Setelah pembangunan Gedung Arsari Warabal yang lebih representatif selesai, Kiswanti bersama sejumlah relawan semakin tak henti berkreasi. Mereka beranggapan, kalau hanya men-display buku saja tanpa ada kegiatan, pasti akan menjadi sesuatu yang monoton.

"Kalau kita kemas juga dengan kreativitas maka akan ada keterkaitan terhadap buku. Untuk itu, kami menyelenggarakan bimbingan pelajaran Bahasa Inggris untuk tingkat SD dan SMP setiap Minggu pagi, juga bimbingan dan pelatihan komputer untuk anak-anak sekolah bahkan ibu-ibu," jelas Kiswanti kepada brilio.net, Jumat (14/8).

Kenapa ibu-ibu dilibatkan? Kiswanti berharap, ibu-ibu juga melek teknologi dan mengetahui apa saja yang dilakukan oleh anak-anak mereka di depan komputer.

Apakah hanya bermain game, beraktivitas social media, membuka situs yang tak layak untuk anak-anak, atau benar-benar belajar dengan komputernya. Sehingga orangtua bisa mengontrol kegiatan anak-anaknya.

Sedangkan kegiatan Arsari Warabal lainnya yaitu Kelas Kreasi dimaksudkan untuk menebalkan rasa persatuan dan kebersamaan antar anak-anak, meskipun berbeda latar belakang agama.

Kelas Kreasi dilangsungkan pada setiap Minggu sore. Di sini mereka menampilkan tema yang selalu berbeda kepada anak-anak untuk dipelajari bersama. Seperti misalnya, tema tokoh penemu, tokoh pahlawan, ciri khas makanan atau adat istiadat suatu negara, bendera negara, lagu kebangsaan negara, jenis binatang yang ada di laut, jenis tumbuhan yang ada di gunung, dan sebagainya.

"Lewat kelas ini otomatis anak-anak semangat membuka dan membaca buku, untuk mencari referensi sesuai tema," lanjut Kiswanti.
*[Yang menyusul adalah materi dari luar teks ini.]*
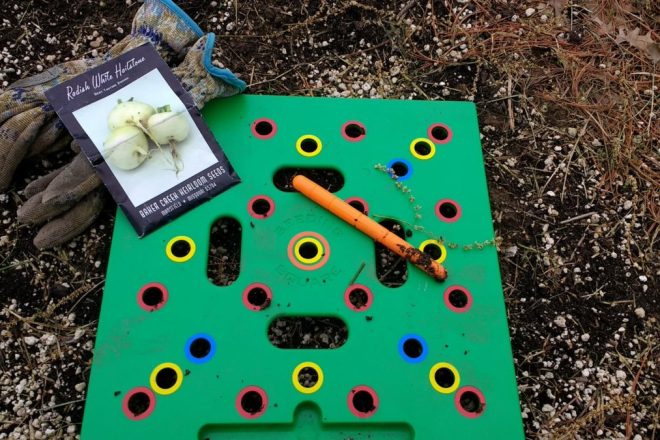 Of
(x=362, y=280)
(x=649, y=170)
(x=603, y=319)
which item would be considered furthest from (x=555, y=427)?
(x=649, y=170)

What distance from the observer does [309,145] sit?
1.42 m

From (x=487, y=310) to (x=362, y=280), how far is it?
277 mm

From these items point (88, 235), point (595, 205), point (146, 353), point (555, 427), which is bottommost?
point (555, 427)

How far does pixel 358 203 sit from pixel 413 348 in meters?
0.35

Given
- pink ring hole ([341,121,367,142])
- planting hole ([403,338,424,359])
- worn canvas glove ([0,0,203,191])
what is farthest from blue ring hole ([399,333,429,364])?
worn canvas glove ([0,0,203,191])

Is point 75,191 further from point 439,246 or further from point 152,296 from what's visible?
point 439,246

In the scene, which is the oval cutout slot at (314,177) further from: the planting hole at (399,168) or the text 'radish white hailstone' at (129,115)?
the text 'radish white hailstone' at (129,115)

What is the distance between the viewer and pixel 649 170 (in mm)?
1584

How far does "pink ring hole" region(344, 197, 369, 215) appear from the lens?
1337 millimetres

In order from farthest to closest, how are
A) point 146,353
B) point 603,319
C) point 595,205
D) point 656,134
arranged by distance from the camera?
point 656,134
point 595,205
point 603,319
point 146,353

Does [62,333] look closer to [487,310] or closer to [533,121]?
[487,310]

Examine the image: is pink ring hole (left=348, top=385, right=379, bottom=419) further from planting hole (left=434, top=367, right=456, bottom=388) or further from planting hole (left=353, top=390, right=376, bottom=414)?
planting hole (left=434, top=367, right=456, bottom=388)

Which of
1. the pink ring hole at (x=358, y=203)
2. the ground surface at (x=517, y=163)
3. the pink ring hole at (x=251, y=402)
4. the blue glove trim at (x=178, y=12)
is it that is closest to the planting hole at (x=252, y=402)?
the pink ring hole at (x=251, y=402)

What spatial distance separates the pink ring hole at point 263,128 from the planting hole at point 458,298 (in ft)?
1.86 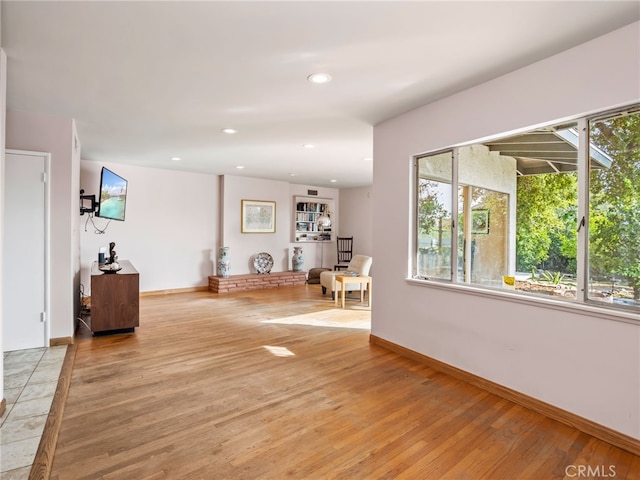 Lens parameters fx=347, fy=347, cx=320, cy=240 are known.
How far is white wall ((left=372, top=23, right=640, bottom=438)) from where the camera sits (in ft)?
6.85

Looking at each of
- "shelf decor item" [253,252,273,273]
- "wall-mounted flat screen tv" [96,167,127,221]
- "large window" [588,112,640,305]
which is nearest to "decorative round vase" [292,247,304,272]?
"shelf decor item" [253,252,273,273]

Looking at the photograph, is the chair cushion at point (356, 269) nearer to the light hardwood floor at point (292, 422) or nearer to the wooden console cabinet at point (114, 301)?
the light hardwood floor at point (292, 422)

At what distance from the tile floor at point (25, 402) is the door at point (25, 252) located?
0.21m

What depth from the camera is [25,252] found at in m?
3.51

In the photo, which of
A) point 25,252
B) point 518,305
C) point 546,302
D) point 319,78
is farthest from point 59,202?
point 546,302

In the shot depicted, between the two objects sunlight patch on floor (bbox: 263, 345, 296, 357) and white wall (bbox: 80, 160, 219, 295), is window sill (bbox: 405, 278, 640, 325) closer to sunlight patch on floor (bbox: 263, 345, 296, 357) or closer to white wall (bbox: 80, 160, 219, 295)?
sunlight patch on floor (bbox: 263, 345, 296, 357)

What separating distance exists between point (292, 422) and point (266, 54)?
2.48m

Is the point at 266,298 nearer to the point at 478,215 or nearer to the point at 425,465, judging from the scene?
the point at 478,215

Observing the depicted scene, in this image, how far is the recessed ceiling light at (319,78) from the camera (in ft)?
8.71

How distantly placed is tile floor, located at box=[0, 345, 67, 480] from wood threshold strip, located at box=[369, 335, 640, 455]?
2.97m

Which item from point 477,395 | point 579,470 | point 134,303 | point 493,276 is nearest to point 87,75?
point 134,303

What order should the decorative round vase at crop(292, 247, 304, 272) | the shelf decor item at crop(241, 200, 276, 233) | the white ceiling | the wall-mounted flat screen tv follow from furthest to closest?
the decorative round vase at crop(292, 247, 304, 272) < the shelf decor item at crop(241, 200, 276, 233) < the wall-mounted flat screen tv < the white ceiling

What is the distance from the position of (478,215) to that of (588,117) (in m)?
1.18

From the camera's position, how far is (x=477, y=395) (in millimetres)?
2734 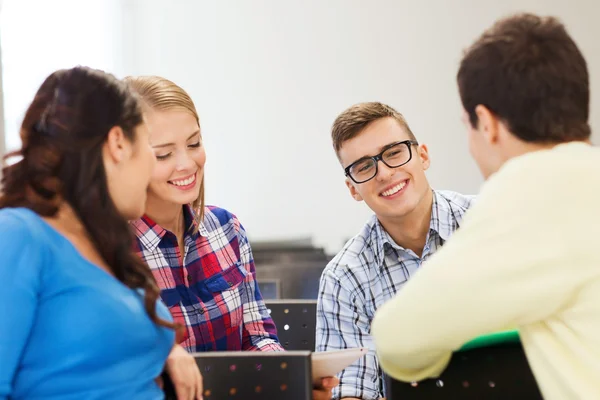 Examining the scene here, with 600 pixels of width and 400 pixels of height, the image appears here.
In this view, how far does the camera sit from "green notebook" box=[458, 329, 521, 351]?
1102 millimetres

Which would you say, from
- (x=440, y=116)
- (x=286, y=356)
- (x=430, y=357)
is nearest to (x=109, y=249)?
(x=286, y=356)

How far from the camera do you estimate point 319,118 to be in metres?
4.41

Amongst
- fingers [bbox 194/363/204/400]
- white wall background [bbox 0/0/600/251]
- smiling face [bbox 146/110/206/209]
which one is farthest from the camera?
white wall background [bbox 0/0/600/251]

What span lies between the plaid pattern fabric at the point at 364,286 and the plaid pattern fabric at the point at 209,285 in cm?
16

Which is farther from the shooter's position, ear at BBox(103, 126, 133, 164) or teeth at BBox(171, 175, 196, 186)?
teeth at BBox(171, 175, 196, 186)

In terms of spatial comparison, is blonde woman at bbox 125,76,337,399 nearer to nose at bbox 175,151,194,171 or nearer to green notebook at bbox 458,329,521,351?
nose at bbox 175,151,194,171

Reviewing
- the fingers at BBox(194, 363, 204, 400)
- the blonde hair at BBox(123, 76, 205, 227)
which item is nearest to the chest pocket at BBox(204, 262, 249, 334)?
the blonde hair at BBox(123, 76, 205, 227)

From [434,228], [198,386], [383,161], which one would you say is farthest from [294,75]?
[198,386]

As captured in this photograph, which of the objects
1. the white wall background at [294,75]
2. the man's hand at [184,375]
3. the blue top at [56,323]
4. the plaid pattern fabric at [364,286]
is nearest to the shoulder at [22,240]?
the blue top at [56,323]

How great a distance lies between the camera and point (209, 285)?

Perpustakaan keliling pun masih dijalankan oleh Kiswanti, namun dia sudah tak berkeliling dengan sepeda lagi tapi dia sudah bisa mempekerjakan pustakawan keliling dengan menggunakan motor yang sudah dilengkapi box untuk menyimpan buku.

Pada setiap akhir tahun pembelajaran, Arsari Warabal melaksanakan program yang namanya 'Sapu Desa'. Aktivitas ini bukan berarti menyapu bersih lingkungan desa, tidak. Tapi, Kiswanti akan memimpin para relawan berkunjung ke rumah-rumah, untuk meminta kepada segenap warga menyerahkan buku-buku bekas pakai yang sudah tak terpakai.

Bila masih ada yang dapat dimanfaatkan, maka pasti akan diperpanjang usia pemakaian buku tersebut. Tapi apabila sudah tidak layak pakai, maka akan langsung dikumpulkan, ditimbang, dan dijual berdasarkan beratnya.

"Uang dari hasil penjualan buku tak layak pakai tersebut kemudian kami gunakan untuk update buku terbaru. Agar anak-anak juga tidak ketinggalan dengan perkembangan zaman," pungkas Kiswanti.